II. Antwoord/reactie van de staatssecretaris

Inleiding

Op 15 juli a.s. vindt de volgende Landbouw- en Visserijraad plaats in Brussel. In deze brief beantwoord ik de vragen van enkele fracties van uw Kamer van 9 juli 2013 in het kader van het verslag van een schriftelijk overleg. Daarnaast informeer ik u over drie onderwerpen die aan de agenda van de komende Landbouw- en Visserijraad zijn toegevoegd onder diversen, te weten voedselverspilling (op verzoek van Hongarije), de Newcastle-ziekte (op verzoek van Cyprus) en makreelvisserij (op verzoek van Ierland).
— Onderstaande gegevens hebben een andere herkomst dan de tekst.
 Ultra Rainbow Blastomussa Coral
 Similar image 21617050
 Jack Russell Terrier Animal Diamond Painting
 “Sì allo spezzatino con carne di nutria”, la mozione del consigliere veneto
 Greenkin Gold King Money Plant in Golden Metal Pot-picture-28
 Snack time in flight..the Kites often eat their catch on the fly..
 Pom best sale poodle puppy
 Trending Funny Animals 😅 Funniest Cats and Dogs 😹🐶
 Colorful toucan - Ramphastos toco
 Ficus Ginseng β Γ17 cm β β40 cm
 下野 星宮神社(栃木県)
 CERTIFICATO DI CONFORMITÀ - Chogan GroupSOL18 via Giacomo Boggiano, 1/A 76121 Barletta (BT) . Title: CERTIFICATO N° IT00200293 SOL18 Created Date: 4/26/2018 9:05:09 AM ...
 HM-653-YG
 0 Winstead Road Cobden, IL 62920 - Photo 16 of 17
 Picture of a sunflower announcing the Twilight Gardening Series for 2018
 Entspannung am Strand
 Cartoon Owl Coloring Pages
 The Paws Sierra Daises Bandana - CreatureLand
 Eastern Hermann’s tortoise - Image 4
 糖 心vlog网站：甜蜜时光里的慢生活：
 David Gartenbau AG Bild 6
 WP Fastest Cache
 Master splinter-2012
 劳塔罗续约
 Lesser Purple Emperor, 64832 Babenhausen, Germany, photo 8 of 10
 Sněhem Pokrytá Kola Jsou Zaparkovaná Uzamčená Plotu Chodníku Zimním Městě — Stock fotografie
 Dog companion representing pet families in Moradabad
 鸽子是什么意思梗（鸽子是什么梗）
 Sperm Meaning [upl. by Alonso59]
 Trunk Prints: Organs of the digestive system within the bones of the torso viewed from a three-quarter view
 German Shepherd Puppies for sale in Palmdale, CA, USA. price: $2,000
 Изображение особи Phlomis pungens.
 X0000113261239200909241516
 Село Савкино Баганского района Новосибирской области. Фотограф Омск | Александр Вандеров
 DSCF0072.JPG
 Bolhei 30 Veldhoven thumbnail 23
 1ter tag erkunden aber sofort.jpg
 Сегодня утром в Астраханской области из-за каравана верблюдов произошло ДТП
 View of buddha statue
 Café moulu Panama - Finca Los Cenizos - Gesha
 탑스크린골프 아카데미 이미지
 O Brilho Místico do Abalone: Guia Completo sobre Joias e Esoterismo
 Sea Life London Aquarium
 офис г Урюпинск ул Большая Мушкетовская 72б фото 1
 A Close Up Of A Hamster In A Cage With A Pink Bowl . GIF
Vragen van de leden van de VVD-fractie

Gemeenschappelijk Landbouwbeleid

De leden van de VVD-fractie vragen mij of ik van mening ben dat alle actieve landbouwers met grond in aanmerking komen voor directe betalingen vanuit het Gemeenschappelijk Landbouwbeleid (GLB).

In het politieke akkoord is overeengekomen dat alle landbouwers die in 2013 een steunaanvraag hebben gedaan ook toegang krijgen tot de nieuwe directe betalingen. Deze groep kan worden aangevuld met fruit- en groentetelers, telers van consumptie- en pootaardappelen en van siergewassen (zoals bollen en bomen). Daarnaast krijgen alle bedrijven die kunnen aantonen dat ze in 2013 actieve landbouwer waren en nooit eerder over toeslagrechten hebben beschikt eveneens toegang.

Verder vragen de leden van de VVD-fractie of ik bereid en voornemens ben een negatieve lijst op te stellen voor instellingen en bedrijven die niet in aanmerking komen voor middelen uit zowel de eerste als tweede pijler als ze geen «actieve boer» zijn.

Hierop kan ik aangeven dat het aanleggen van een negatieve lijst in de eerste pijler verplicht is. Bedrijfstypen die daarop vermeld staan worden uitgesloten van het ontvangen van betalingen. Op deze lijst moeten in ieder geval worden vermeld exploitanten van vliegvelden, spoorwegondernemingen, waterbedrijven, vastgoedondernemingen en sport- en recreatieterreinen.

Nederland mag er voor kiezen deze lijst verder aan te vullen. Dit zal onderdeel uitmaken van de implementatiekeuzes die ik uw Kamer in november aanstaande zal voorleggen zoals ik heb toegezegd in het Verslag van de Landbouw- en Visserijraad van 24 en 25 juni (Kamerstuk 21 501-32, nr. 722).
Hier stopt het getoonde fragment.